Восставшая из пепла - Николай Ильинский
— Садись и ты, Витя, — предложил сержант. — Здесь спокойно… Война закончилась, пушку я уже зачехлил, чтоб ты знал…
Гнилую, бесснежную и дождливую зиму 1946 года сменила звонким изумрудным смехом весна. Почти на каждом дереве, скрываясь в густой зеленой листве, пели соловьи. Не помнили старожилы, чтобы столько было трелей, как в этом первом послевоенном году. Это была по-настоящему соловьиная весна! Виктор вечером распахивал окно и слушал, слушал, считая сколько колен в пении соловья, поселившегося в соседском саду. Вот он начинает щелкать-раз, два, ему уже отвечает то ли свистом, то ли залихватским переливом другой, а над речкой в ивовых косах третий так разошелся, что даже луна, заслушавшись, остановилась в небе и упала в воду, плавно покачиваясь на медленной волне. Жить в такую пору — умирать не надо! И Виктор, несмотря на усилившуюся болезнь, радовался такими вечерами, забывая обо всех горестях и заботах.
Но весна, как и все хорошее, прошла очень быстро. Уже во второй половине мая с неба спорхнул последний клочок белого облачка. Совершенно чистое, незабываемо голубое, без единой тучки высокое небо дышало накаленным лучами яростного солнца зноем. Не в силах вынести жару трескалась земля, превращаясь в горячий пепел, желтели и выгорали на колхозном поле и на огородах крестьян растения, на глазах мелели Серединка и Тихоструйки, высыхали ручьи, из некоторых колодцев-журавлей ушла вода.
— Одна беда не приходит, — жаловались люди друг другу, — то была война, а нынче новая напасть-засуха… Придется с голодухи пухнуть…
В поисках истины
I
В один из таких опаленных солнцем дней по районам области ездил Юрий Федорович Морозов, уже в качестве заведующего отделом обкома партии. В отдаленном районном центре его встретил давнишний знакомый первый секретарь райкома партии Владимир Алексеевич Кожемякин. Секретарь улыбался, подавая руку Морозову, но глаза его под седыми бровями не выражали радости.
— А где же тучи, где ливень, почему не привезли, хотя бы на один денек, попытался шутить Кожемякин. — О чем вы в обкоме только думаете!

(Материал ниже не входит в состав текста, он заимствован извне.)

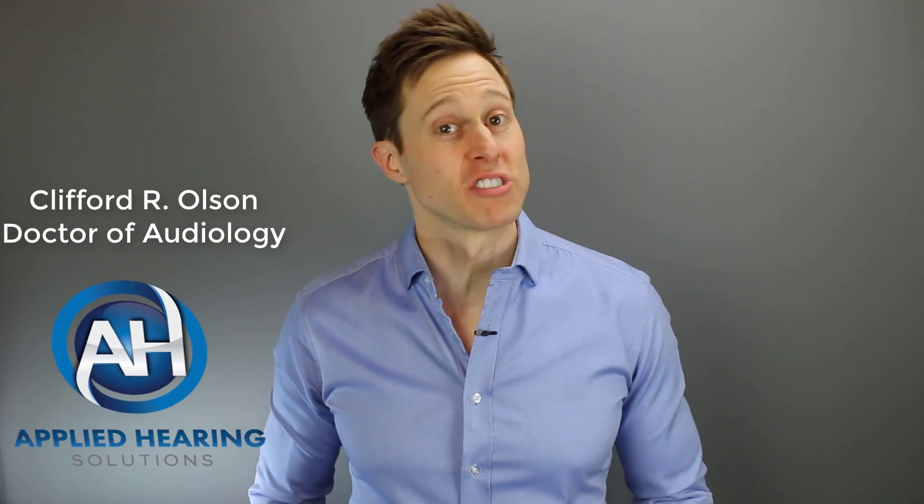Hi guys, Cliff Olson, Doctor of Audiology and founder of Applied Hearing Solutions in Anthem, Arizona. On this channel, I cover a bunch of hearing-related information to help make you a better informed consumer. So if you're into that, consider hitting the subscribe button.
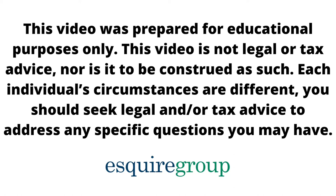But before we get into the presentation, a quick disclaimer. This presentation is prepared for educational purposes only. It is not legal, tax, or any other type of advice. Each individual's circumstances are different. You should seek legal and/or tax advice to address your specific situation and any questions you may have. Let's get into it.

— Прости, Владимир Алексеевич, — беспомощно развел руками Морозов. — в этом деле все наши партийные решения, даже самые важные и громкие, сводятся к нулю… И наш толстозадый обком в такой ситуации — нищенка на церковной паперти, тут даже Иосифу Виссарионовичу ничего не остается делать, как поглаживать усы…
— У нас уж думают крестным ходом с хоругвями идти по полям…
— Владимир Алексеевич, дорогой, да если бы это помогло, я сам первый бы возглавил такой ход… Собираясь объехать районы области, я поинтересовался предсказаниями синоптиков на будущее — ничего утешительного… Жара, жара и еще раз жара!
Они вошли в просторный кабинет секретаря, где не так пекло, хотя в открытые окна лилось горячее дыхание улицы, словно там беспрерывно кто-то разогревал духовку. Настоящим спасением стал зеленый графин с прохладной водой.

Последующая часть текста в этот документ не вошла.